HW 3 Instructions

Due Wednesday, February 5, 2025 at 11:59 PM

Instructions

HW 3 - First Steps

  1. Create an R project named HW 3 <first name> <last name>.

    1. File > New Project > New Directory > R Project

    2. In box, name this project:

    • HW 3 <first name> <last name>

    • My project name: HW 3 Penelope Pooler

    1. Click Create Project.
    • Note that if you create an R Project that is NOT a Quarto project, a Quarto file is not created.
  2. Create img and data folders with the R Project.

  3. Download the provided file, HW3_Template.qmd from the Homework Assignments page of the 455 website.

  4. Save the downloaded HW3_Template.qmd file to your R project.

  • Change file name to be HW3_FirstName_LastName.qmd.

    • For example, I would change the template file to be named HW3_Penelope_Pooler.qmd.

    • There should be no spaces in a file name of a Quarto (.qmd) file.

    • Change title in the file header to be ‘HW 3’.

    • Specify yourself as the author.

  1. Save the provided data file Box_Office_Mojo_Week3_HW3.csv into your data folder within this HW 3 project.
  • Note: that these data are already clean and useable but they will be modified in the steps below.

NOTES

  • Provided header text below shows the correct format.

  • This header text also creates a floating Table of Contents (toc) and will show chunk labels.

  • Note that the options below will make the code chunks and code chunk labels visible in the output. We will change these options in later assignments and in the group project.

---
title: "HW 3"
author: "Penelope Pooler"
date: last-modified
toc: true
toc-depth: 3
toc-location: left
toc-title: "Table of Contents"
toc-expand: 1
format:
  html:
    code-line-numbers: true
    code-fold: true
    code-tools: true
execute:
  echo: fenced 
---
  1. Create a new chunk under the Setup header and text and add the following text to the body of the chunk:
#|label: setup

# this line specifies options for default options for all R chunks
knitr::opts_chunk$set(echo=T,  
                      highlight=T)

# suppress scientific notation
options(scipen=100)

# install helper package (pacman) if needed
if (!require("pacman")) install.packages("pacman", repos = "http://lib.stat.cmu.edu/R/CRAN/")

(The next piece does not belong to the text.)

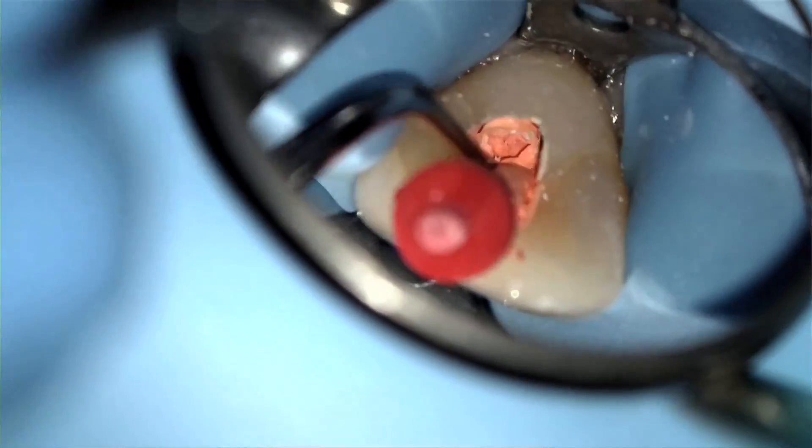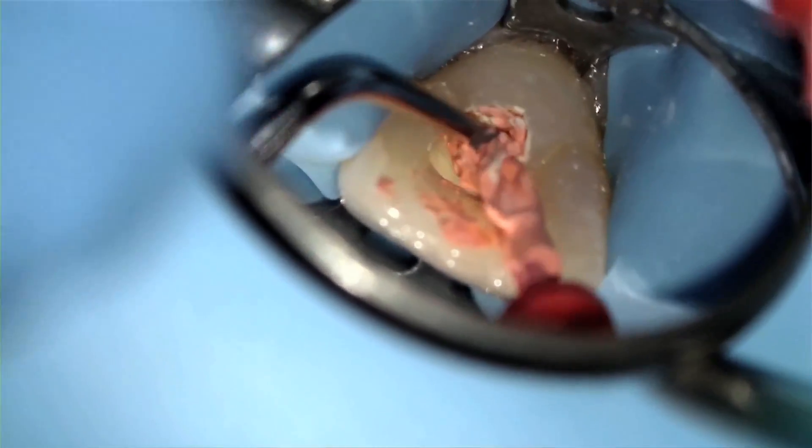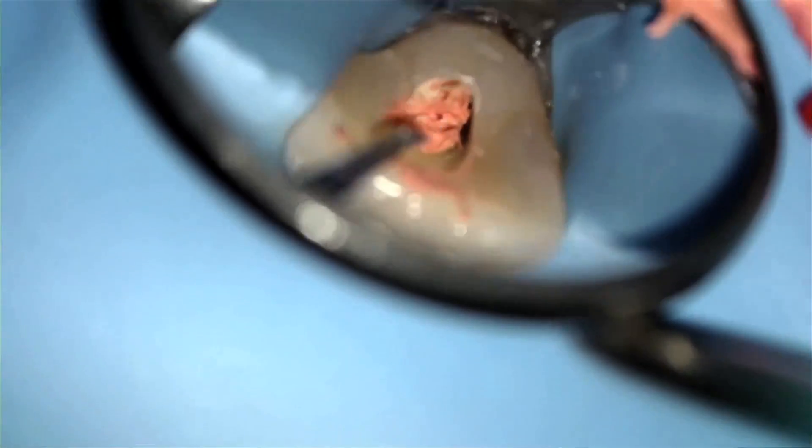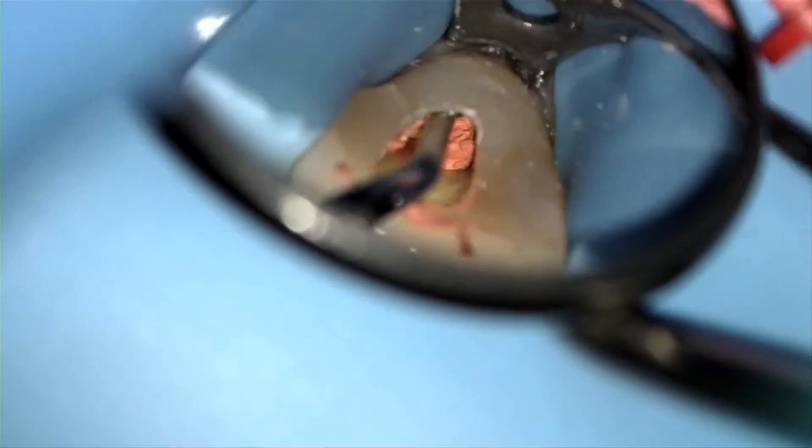Now, in the event that the gutta core is pulled out of the canal when doing this step, simply pack it back apically with a blunt instrument. You can see me doing this in this video clip during the obturation of a maxillary incisor. Although rare, when it does happen, I find this to be a non-issue since the gutta percha is still not fully set and I can still very easily condense it apically.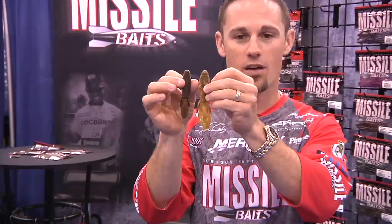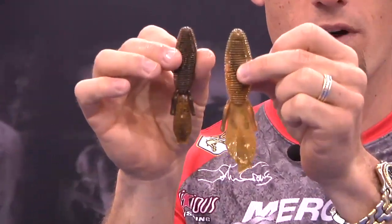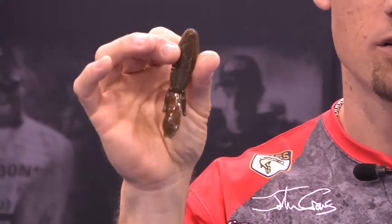Now this is 3.65 inches, so it's a little bit smaller — much more compact profile than the original D-Bomb — and this thing is going to be awesome.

# install and load required packages
# pacman should be first package in parentheses and then list others
pacman::p_load(pacman, tidyverse, gridExtra, magrittr, kableExtra)

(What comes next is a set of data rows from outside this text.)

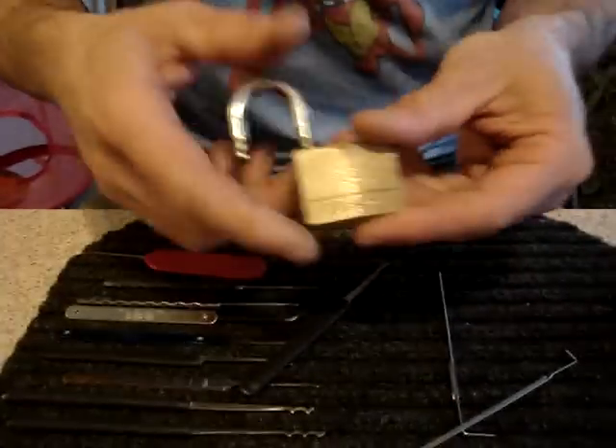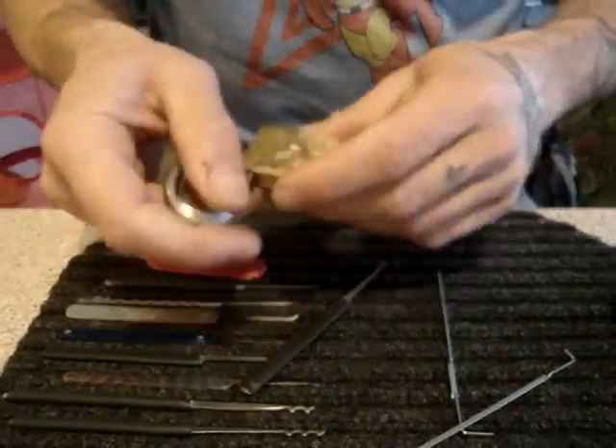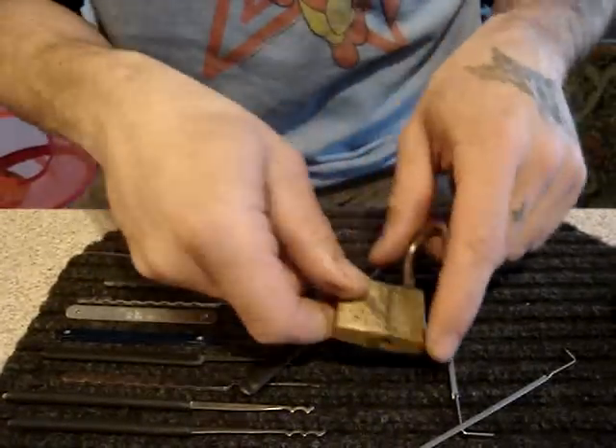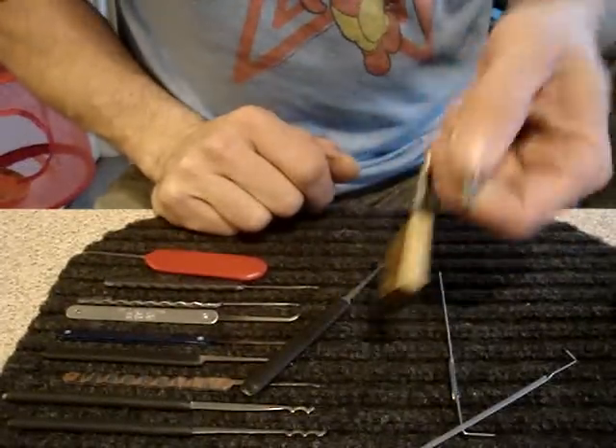Stay tuned. In my next video, I'm going to gut it, because I can use the spools and the keypins in a better lock and to add to my repinning kit. So, there it is, the Master 140.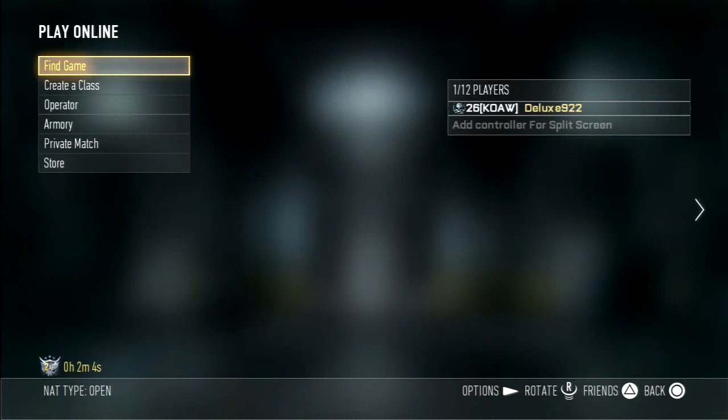How's it going guys? My name is Deluxe922 and I'm going to be showing you how to be better at Call of Duty Advanced Warfare.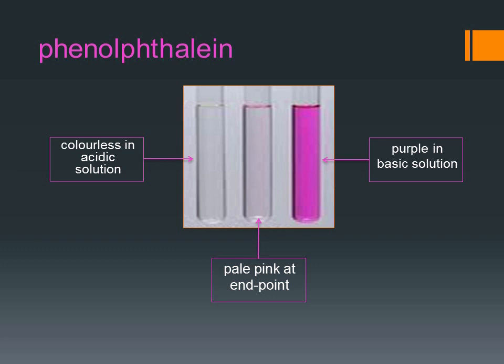In an acidic solution, phenolphthalein is colorless, while in basic solution it is purple. At the end point of an acid-base titration, it is pale pink.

# verify packages (comment out in finished documents)
p_loaded()
  1. Click the green triangle or type Ctrl/Cmd + Shift + Enter to run this setup chunk.

HW 3 - Part 1

Chunk 2: Import and Modify Categorical Variables

Steps to Follow:

  1. Import Box_Office_Mojo_Week3_HW3.csv and save it as mojo_23 using the provided R code in Chunk 2.

  2. Remove # (comment indicator) from in front of the select command and use ! to omit the text variable, num1.

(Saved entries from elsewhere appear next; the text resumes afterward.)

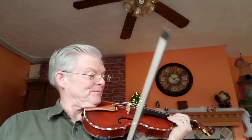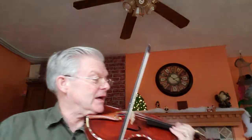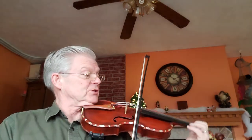This is the Pivot Brig Jig, page 70 in the 1000 Fiddle Tunes book. The Pivot Brig — that's kind of hard to say — has three sharps in the key signature, so we're in the key of A major. A one, a two.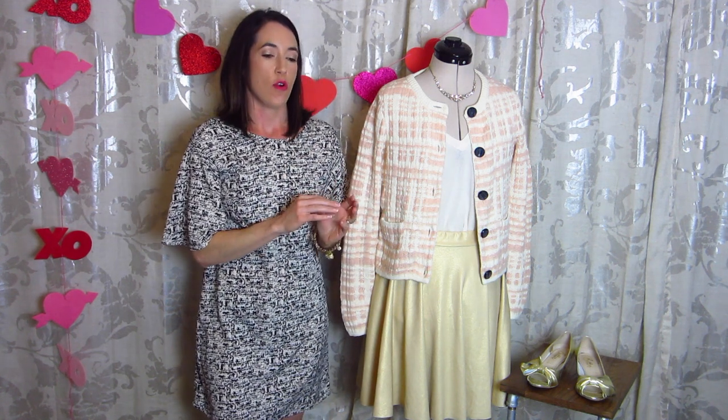Hey guys, it's Abby. Valentine's Day is coming up and if you don't have any outfit plans yet, don't worry. I have got three easy makes that will take you throughout the entire day. Whether you're going to brunch in the morning, have some afternoon plans, or you've got plans to go out for dinner, I've got three outfits that are super easy. They all can be downloaded as PDFs if you don't have access to the paper pattern. And if you've already got fabric in your stash, you can easily whip one of these out in an afternoon and be ready for Valentine's Day on Sunday.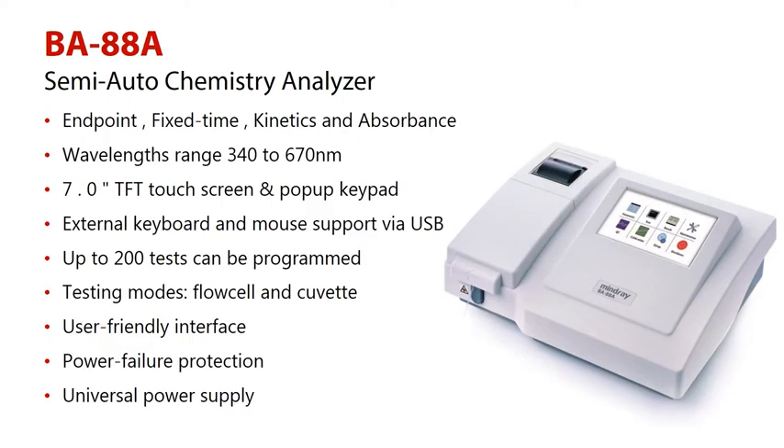Number 7: user-friendly interface. Number 8: power failure protection. Number 9: universal power supply.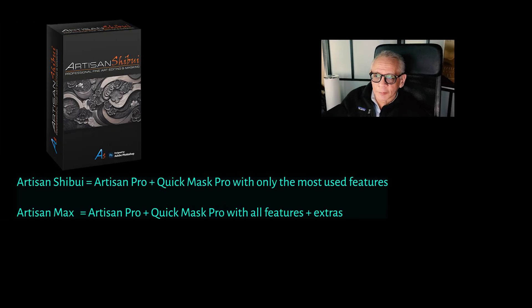In this video I will be doing a short demonstration on the new Artisan Shibui plugin, which is essentially a stripped down and less cluttered version of the Artisan Max plugin. Where Artisan Max combines all features of Artisan Pro and QuickMass Pro plus a few more, Artisan Shibui only contains the most important and most used features of Artisan Pro and almost all features of QuickMass Pro. Therefore I think it's less cluttered, clearer and even more efficient than Artisan Max.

  3. Remove # (comment indicator) from in front of incomplete code lines in the lower part of this chunk.

  4. Use examples that show how to create a factor variable to complete code with a mutate statement to create factor variable quartF from quart:

  • levels: c(1,2,3,4)
  • labels: c("1st Qtr", "2nd Qtr", "3rd Qtr", "4th Qtr")
  1. Examine data with glimpse and answer Blackboard Question:
BB Question 1

In Part 1 (Chunk 2) you will exclude the text variable num1 and create three factor variables, monthF, wkdayF, and quartF.

Examine the output from glimpse after creating the third factor variable, quartF.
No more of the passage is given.